Wednesday, September 26, 2018

Fragile




As I was twisting the fringe on a shawl this morning I started thinking about how fragile the web is when it is cut from the loom.

The threads are no longer under tension.  The threads can easily be pulled out of alignment.  Slippery yarns like this rayon can slither and slip.  The weft yarns don't want to stay where they have been placed but start to fall out of the web entirely.

Fragile.

Once the fringe (or raw edge) has been secured in some way, things are better but the cloth still won't - can't - perform its function properly.  The threads, warp and weft, are still individual.  They have no cohesiveness.  No strength.  They are interlaced but that web has no structural integrity.  It is fragile.

Weavers have to wet finish their results just like potters have to fire their bisque, glass workers have to anneal their glass, etc., etc., etc.

Almost every craft I can think of has to 'finish' their product in some way before it is finally done, done.

Textiles have been used for centuries as metaphor for life.  In some versions Hansel and Gretel use a ball of yarn to mark their path through the forest.  Sleeping Beauty pricks her finger on a spindle.  Rumplestiltskin spins flax into gold.  The Swan Princes have to have their curse broken by their sister making a dozen shirts of nettle   And so on.

I look at the web of my life and stand here, near the end of my warp (so to speak) and pick out this thread and that, threads that I had no idea would be incorporated into my life when I set out on this journey.

I have met wonderful people, made dear friends.  Been to lovely places.  Enjoyed conversations that ranged from quantum physics to the history of language.  I have been welcomed and treated royally.  People seem to enjoy my writing - something I dreamed of as a child but never imagined would become any sort of reality for me - blue collar poor, living in a geographically remote location.  And yet.

I traveled to Sweden (by freighter, across the Atlantic in May, which was...interesting), took a bus tour of Europe, toured England, visited Sweden several more times, have been to Greece and Istanbul (only 24 hours in Istanbul, but still).  I have been to nearly every province in this country (still a few more to get to) and many of the US states.

This blog is coming up to 1.5M  (Million!!!) page views.  I've published books, created educational weaving 'kits', done not one but two DVDs.

I've attended - and organized - conferences, sold my weaving wholesale, worked for a fashion designer, done 'ghost' weaving for others.

I've had the privilege of transcribing interviews (WeaveCast, Tien Chiu and others) and been interviewed for podcasts.

As a child I grew up thinking I was fragile.  That I'd never really amount to much.  But through the challenge of creating textiles, I seem to have 'finished' myself.  Into something "not fragile".

Currently reading The Prisoner in the Castle by Susan Elia McNeal


2 comments:

Shelbey Neil said...

Your writing is so beautiful.

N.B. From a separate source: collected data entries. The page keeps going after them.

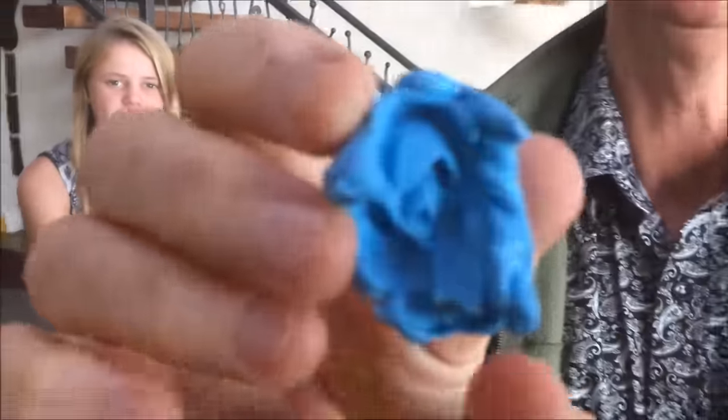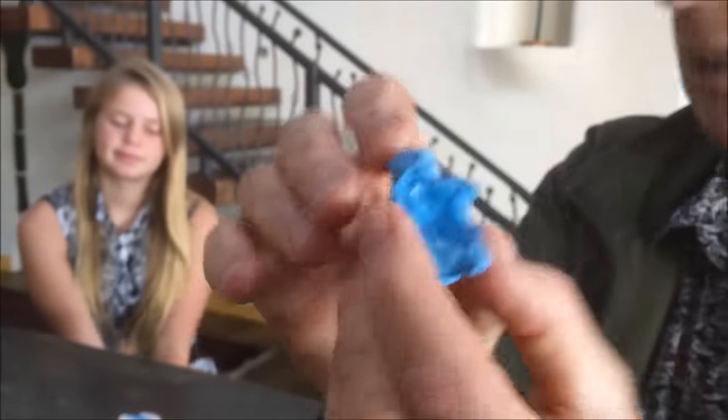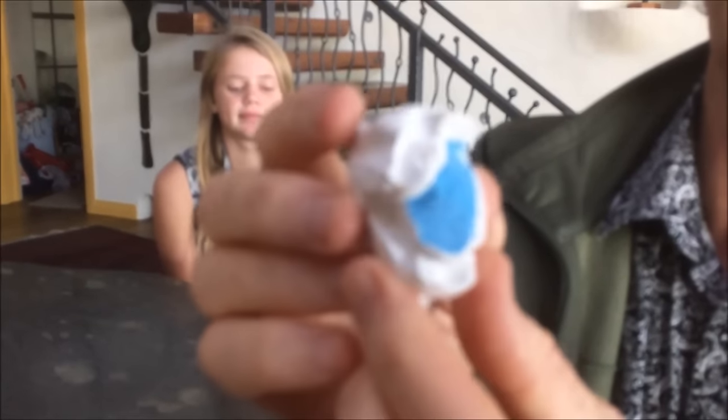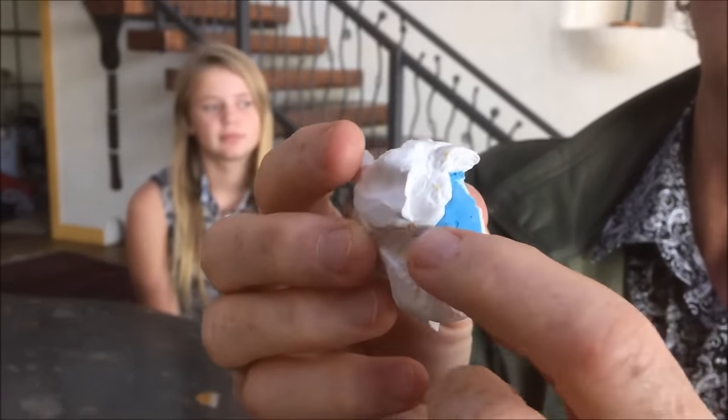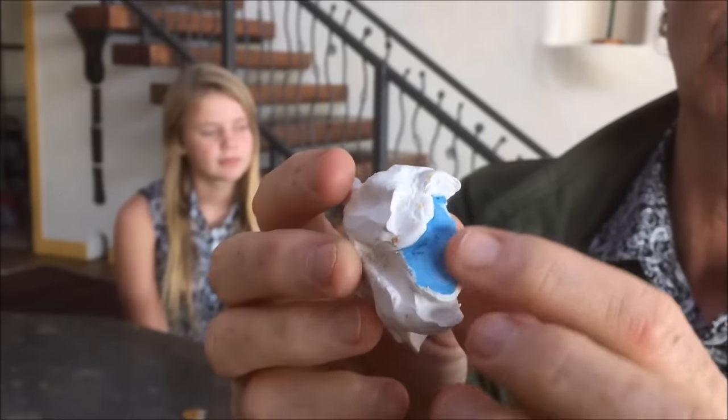I'm Kayla's dad, Simon McDonald. I used to be a dentist — I've retired from that. But here is an impression we took of Nibbles' beak — we'll bring it close so you can have a look. We then poured plaster into that and made a plaster model. I also added some silicone rubber around there to make a spacer for Nibbles' tongue.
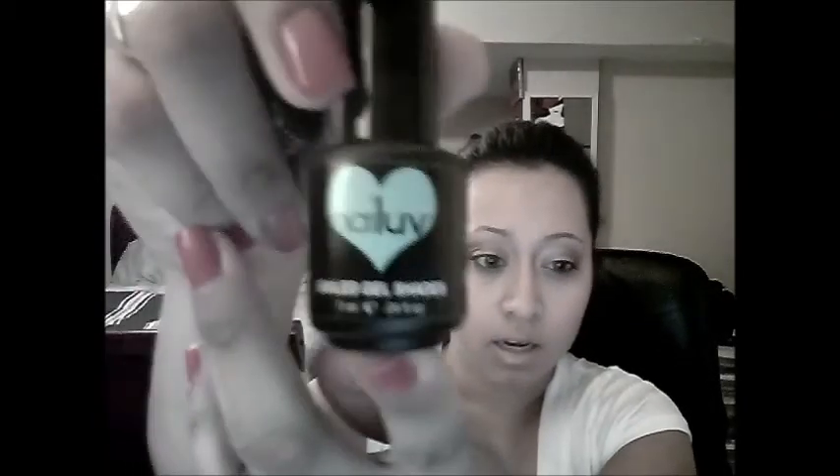This one is called Merry Mermaid — it's like a bluish aquamarine color. This is a purplish color called Dynamic Duo. This one is a red color called Eternal Passion. This is a sparkly color called Diamonds Are Forever. The name is on the back of each bottle. And the last one is called First Crush — it's a pale pink color.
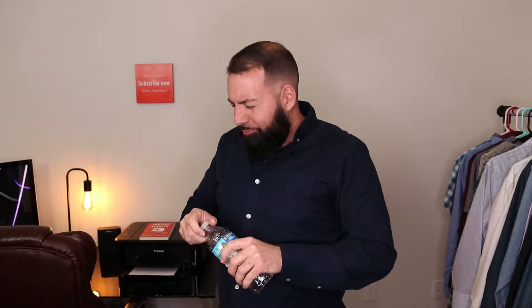Hey, what's up guys? My name is Brandon and this is Style So Dapper. Alright guys, I'm back. If you're new here, hit that subscribe button. And if you're my returning friends, like this video.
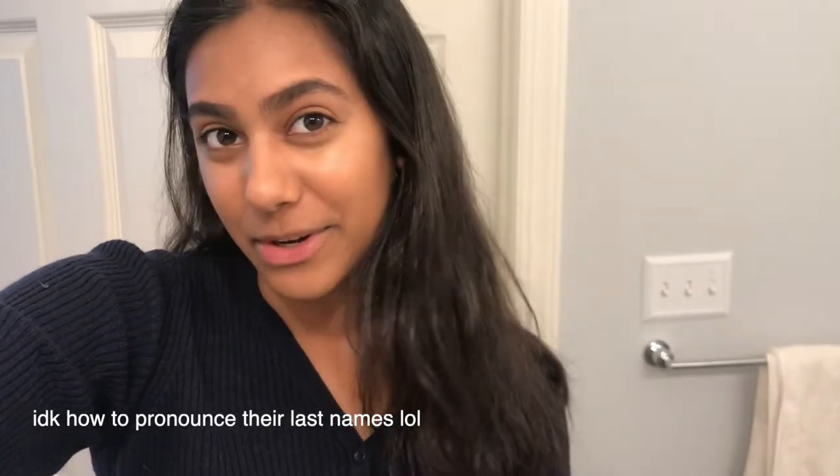Hey guys, welcome back to my channel. Today I'm going to be trying out a video that I saw first on Elena Tabor's YouTube channel and then something similar on Ellie Thumann's, so I thought I would try my own version of it. What they did basically is try to recreate pictures of their moms.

That’s exactly what I said as I finished reading: “That was beautiful.” Just a person who has always had an interest in weaving just trying to figure out if that’s even a thing anymore and stumbled upon your great blog. Thanks for being honest about the work required.

Laura Fry said...

Doing something challenging is one of the best reasons for doing it. :) If it was easy, everyone would do it, right? You can weave on any kind of approach you want to or can afford. Many people weave narrow goods on very simple looms, to rigid heddle looms, and onwards.

Thank you for your kind words. And welcome to weaving at whatever level you decide to participate.